The broken pillar of the wing jags from the clotted shoulder,
The wing trails like a banner in defeat,
No more to use the sky forever but live with famine
And pain a few days: cat nor coyote
Will shorten the week of waiting for death, there is game without talons.
He stands under the oak-bush and waits
The lame feet of salvation; at night he remembers freedom
And flies in a dream, the dawns ruin it.
He is strong and pain is worse to the strong, incapacity is worse.
The curs of the day come and torment him
At distance, no one but death the redeemer will humble that head,
The intrepid readiness, the terrible eyes.
The wild God of the world is sometimes merciful to those
That ask mercy, not often to the arrogant.
You do not know him, you communal people, or you have forgotten him;
Intemperate and savage, the hawk remembers him;
Beautiful and wild, the hawks, and men that are dying, remember him. (more)
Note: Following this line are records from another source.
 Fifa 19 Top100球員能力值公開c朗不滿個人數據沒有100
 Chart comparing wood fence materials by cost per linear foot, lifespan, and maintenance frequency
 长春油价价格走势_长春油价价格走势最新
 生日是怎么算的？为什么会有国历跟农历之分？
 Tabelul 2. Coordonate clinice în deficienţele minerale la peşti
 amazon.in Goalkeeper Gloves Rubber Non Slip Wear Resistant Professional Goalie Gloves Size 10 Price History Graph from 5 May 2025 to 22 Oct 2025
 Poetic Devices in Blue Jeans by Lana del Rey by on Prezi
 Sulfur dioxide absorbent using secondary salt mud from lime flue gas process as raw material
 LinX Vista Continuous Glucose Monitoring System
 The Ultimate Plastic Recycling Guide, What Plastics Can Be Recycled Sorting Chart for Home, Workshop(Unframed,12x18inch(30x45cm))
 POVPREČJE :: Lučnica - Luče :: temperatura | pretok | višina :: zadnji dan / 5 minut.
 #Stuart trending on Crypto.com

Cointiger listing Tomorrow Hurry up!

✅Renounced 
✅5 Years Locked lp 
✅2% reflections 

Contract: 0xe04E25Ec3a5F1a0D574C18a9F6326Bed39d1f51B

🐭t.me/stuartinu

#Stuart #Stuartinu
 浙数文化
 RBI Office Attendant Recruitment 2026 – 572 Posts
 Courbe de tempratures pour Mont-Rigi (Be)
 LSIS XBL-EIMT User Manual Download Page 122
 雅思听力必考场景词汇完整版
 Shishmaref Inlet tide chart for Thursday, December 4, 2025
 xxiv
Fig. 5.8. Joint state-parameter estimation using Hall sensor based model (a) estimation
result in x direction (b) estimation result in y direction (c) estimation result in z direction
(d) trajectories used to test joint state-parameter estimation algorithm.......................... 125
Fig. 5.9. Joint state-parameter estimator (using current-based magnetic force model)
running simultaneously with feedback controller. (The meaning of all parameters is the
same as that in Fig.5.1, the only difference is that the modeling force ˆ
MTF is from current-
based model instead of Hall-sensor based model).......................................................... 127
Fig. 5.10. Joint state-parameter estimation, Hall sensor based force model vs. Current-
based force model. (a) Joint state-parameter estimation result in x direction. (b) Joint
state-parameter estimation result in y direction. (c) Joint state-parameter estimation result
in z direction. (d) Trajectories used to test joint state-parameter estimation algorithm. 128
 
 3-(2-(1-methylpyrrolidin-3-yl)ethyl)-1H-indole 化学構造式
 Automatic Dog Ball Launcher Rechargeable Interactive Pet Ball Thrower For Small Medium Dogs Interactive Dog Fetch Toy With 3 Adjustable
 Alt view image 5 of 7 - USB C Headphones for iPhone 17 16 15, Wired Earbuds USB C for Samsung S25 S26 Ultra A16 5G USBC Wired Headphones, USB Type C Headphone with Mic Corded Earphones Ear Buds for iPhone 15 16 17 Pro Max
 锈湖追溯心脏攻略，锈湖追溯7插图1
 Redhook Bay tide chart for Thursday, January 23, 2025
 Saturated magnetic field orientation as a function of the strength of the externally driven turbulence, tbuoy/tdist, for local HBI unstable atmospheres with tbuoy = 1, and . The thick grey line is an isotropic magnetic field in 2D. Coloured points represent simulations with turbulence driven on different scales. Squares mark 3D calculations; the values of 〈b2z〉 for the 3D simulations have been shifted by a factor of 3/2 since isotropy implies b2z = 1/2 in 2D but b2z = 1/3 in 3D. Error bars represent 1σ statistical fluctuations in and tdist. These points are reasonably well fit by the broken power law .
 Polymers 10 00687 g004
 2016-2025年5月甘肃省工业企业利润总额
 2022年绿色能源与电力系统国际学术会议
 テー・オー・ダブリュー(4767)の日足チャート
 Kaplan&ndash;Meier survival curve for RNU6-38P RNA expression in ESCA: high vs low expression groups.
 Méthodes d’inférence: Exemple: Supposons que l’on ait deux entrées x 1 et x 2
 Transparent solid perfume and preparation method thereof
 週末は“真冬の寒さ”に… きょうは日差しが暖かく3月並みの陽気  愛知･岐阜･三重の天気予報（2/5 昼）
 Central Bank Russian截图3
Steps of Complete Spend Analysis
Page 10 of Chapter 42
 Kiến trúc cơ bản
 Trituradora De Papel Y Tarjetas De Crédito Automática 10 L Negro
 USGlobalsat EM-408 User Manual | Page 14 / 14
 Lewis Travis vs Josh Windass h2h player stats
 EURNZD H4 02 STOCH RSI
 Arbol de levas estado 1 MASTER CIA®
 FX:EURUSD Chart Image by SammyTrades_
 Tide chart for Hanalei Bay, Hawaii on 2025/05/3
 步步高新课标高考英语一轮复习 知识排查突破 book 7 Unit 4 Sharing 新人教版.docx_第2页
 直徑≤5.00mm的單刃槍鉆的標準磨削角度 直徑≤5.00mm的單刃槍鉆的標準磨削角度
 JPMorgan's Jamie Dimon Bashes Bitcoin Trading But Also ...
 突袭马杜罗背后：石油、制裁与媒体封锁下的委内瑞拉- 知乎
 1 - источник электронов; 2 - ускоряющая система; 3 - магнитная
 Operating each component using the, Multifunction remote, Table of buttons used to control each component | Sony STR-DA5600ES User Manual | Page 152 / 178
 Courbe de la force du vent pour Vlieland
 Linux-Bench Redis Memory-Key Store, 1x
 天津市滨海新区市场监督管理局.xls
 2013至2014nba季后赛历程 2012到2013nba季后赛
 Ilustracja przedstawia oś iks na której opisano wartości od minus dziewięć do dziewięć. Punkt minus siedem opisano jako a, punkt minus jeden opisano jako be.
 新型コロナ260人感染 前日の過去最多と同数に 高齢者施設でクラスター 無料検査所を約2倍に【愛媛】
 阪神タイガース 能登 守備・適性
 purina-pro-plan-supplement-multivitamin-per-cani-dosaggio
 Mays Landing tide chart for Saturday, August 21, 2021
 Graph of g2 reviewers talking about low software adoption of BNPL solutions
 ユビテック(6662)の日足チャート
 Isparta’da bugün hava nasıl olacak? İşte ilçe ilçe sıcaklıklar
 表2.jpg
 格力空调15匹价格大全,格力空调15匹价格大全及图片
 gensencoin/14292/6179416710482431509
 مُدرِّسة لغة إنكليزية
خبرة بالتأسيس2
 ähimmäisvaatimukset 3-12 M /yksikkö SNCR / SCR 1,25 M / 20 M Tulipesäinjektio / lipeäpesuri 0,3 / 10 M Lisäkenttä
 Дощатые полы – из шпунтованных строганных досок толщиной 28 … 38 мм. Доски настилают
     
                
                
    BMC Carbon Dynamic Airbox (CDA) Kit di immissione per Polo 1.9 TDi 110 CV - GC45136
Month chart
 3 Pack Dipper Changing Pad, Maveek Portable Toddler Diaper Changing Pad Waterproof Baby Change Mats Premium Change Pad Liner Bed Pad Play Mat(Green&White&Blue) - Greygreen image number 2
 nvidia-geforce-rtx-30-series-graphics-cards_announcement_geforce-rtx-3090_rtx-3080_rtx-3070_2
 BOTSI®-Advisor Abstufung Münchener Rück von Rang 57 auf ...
From The Selected Poetry of Robinson Jeffers (2001). Text via Poetry Foundation.

Photo from Wikimedia Commons.


Anonymous said...

I'm awe-striken. And look at his face, that goes with his poem, that goes with his story. He's so all of one piece that even if you don't like it, you have to admire the integrity. Where do you get this stuff?!

Mary said...

Really cool. I was recently reading something about totemic animals, and the hawk is such an important bird in so many cultures. It symbolizes clear-sightedness and strong memory.

BitterGrace said...

It comes to me in dreams, Renee ;-)

Hawks are amazing animals, Mary--physically, spiritually, in every way. They just capture the imagination. I think I told the story on POL about one of my dogs watching a hawk hunt. She was perfectly rapt, just as I was, and she sat perfectly still for at least five minutes, watching the hawk feed. She has never sat still that long for anything else!